On June 14th 1919 two stout hearted and daring individuals climbed into a machine fashioned from wood, fabric, metal and the latest in human ingenuity and set out to push human achievement to another level. Roughly 160,000 combined heartbeats later they had succeeded.
There's an old saying in the flying community. Aviation is hours of boredom punctuated by moments of sheer terror. I think Alcock and Brown's flight could better be described as hours of calm anxiety punctuated by terror measured in minutes, not moments. I flew airplanes for 40 years and I suppose all my anxious moments didn't add up to an hour.
Try to imagine those two, suspended in those 2000 odd miles of unexplored territory. How utterly alone they were. How removed physically and perhaps spiritually from their fellow creatures behind and ahead of them. In cloud, at night, out in the elements. Their open cockpit faintly illuminated by the instrument lighting which enabled Alcock to see the clinometer. An inverted semi circular glass tube with an air bubble which was a parody of an artificial horizon and which he had to monitor for all but the brief times when they were clear of cloud.

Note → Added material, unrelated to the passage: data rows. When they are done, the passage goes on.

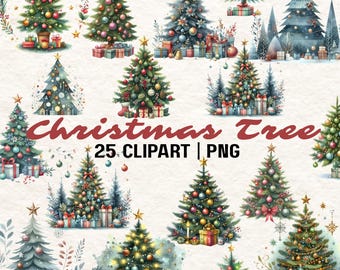 Clipart di alberi di Natale ad acquerello: illustrazioni PNG per le vacanze (25 file) (download digitale)
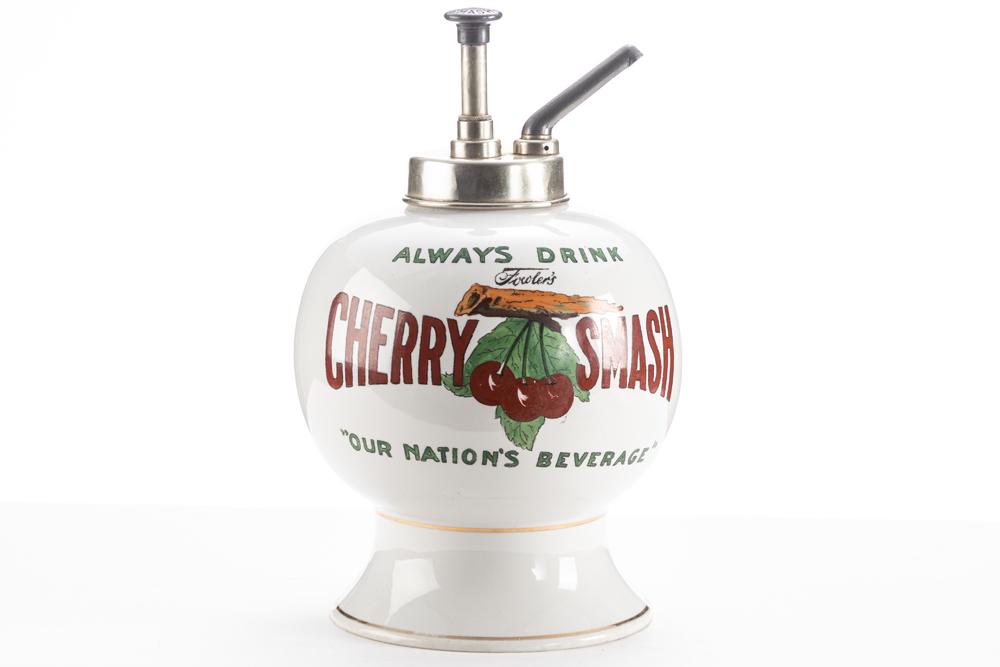 Antique Syrup Dispenser marked "Cherry Smash" excellent condition, 15" T to top of pump x 10": Antique Syrup Dispenser marked "Cherry Smash" excellent condition, 15" T to top of pump x 10" diameter. Pump is marked "Cherry Smash". BUDDY KING COLLECTION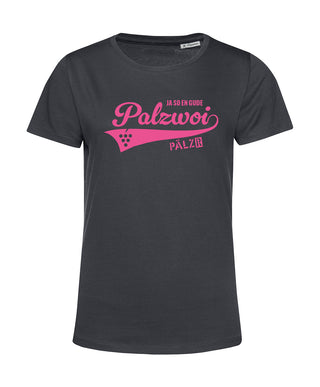 Frauen | T-Shirt | PALZWOi | asphalt | Logo neon-pink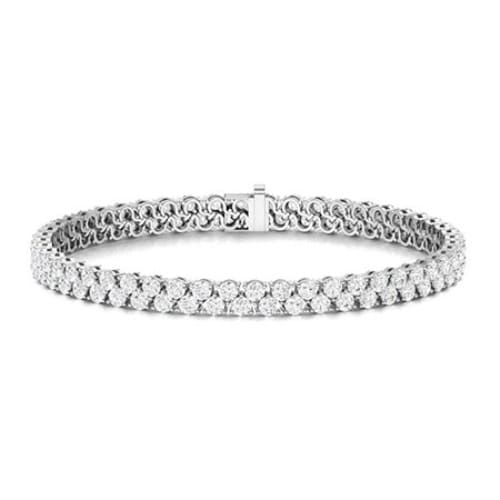 Natural Diamond Round Cut Sybill  Multi Row Tennis Bracelets in 9K White Gold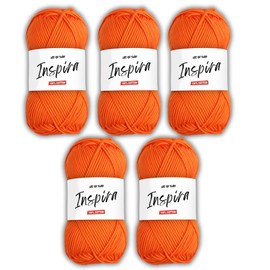 Art of Yarn İnspira 100% Cotton Yarn -3 DK Light, Soft & Smooth Yarn for Crocheting, Knitting & Crafts –250g (8.8 Oz), 425m (464.8 Yds) – Perfect for Baby Blankets, Scarves & More – 5 Skeins 99242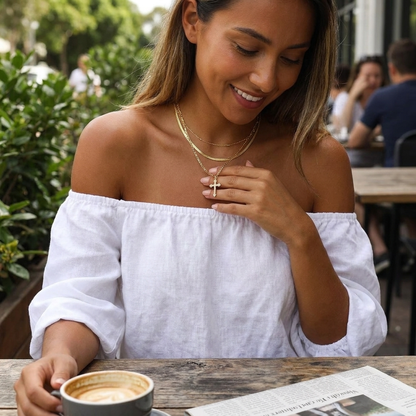 Gold Layered Cross Pendant Necklace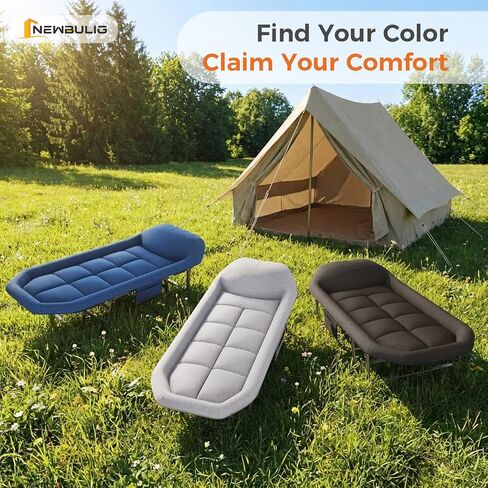 NEWBULIG Camping Cots for Adults, Camping Cot with Mattress | Pillow and Side Pocket, 6-Angle Adjustable Folding Camp Bed, Hiking Office Guest, 450lbs in Saudi Arabia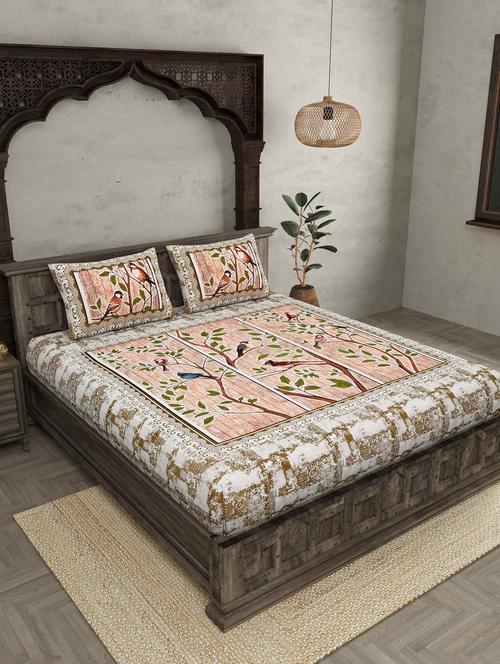 nature harmony peach pure cotton double bedsheet with 2 pillow covers - 18627699 - Very Small Image - 1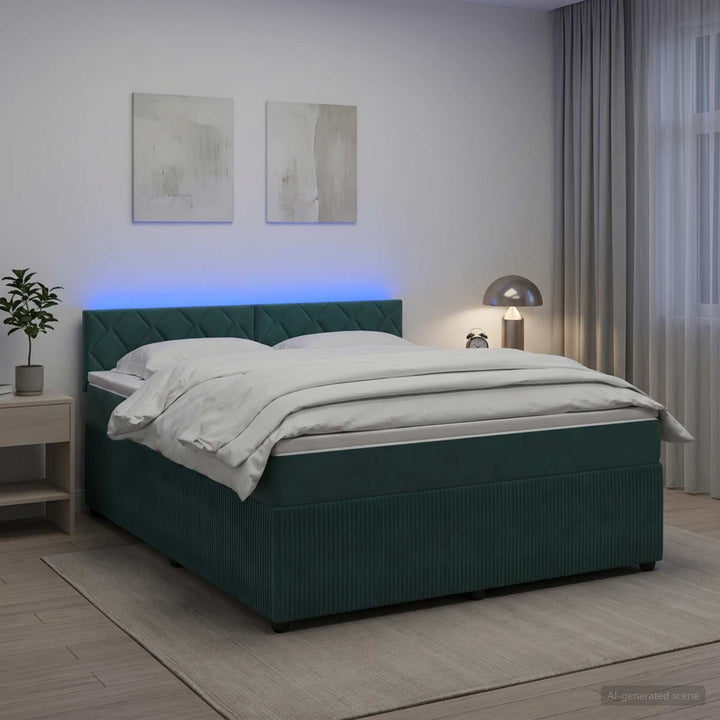 Boxmadras med topmadras Mørkegrøn 140 x 200 cm Fløjl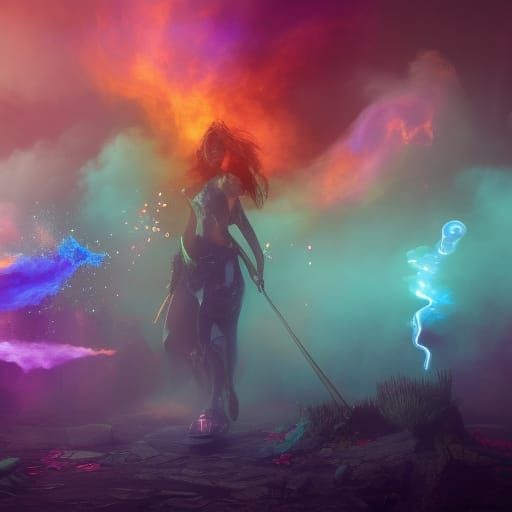 person surrounded by magic colorful smoke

What else enabled him to keep the Vimy on an even keel? The small pressures he felt as the machine talked to him in the new language of yaw, roll and pitch and his seat translated. All good until they hit heavy turbulence. Loss of control! In a spin. The airplane fully stalled. Descending violently but slowly. The two friends hoping for a glimpse of the ocean and enough altitude to recover. Salt spray on their lips after Alcock sorted things out. Time for one of Agnes Dooley's sandwiches and a beer.
Brown's familiarity with the stars! Something I envied the old pilots for. We navigated by beacons. NDBs, VORs. My old Captains would look outside when we broke out on top of cloud in the high Arctic. Look around at the friendly stars and nod to themselves. Nod to Brown. Nod to Magellan. A lost art which was as familiar to Brown as finding my way round my house is to me. He was out by 10 miles after 2000. That's not out. That's bang on.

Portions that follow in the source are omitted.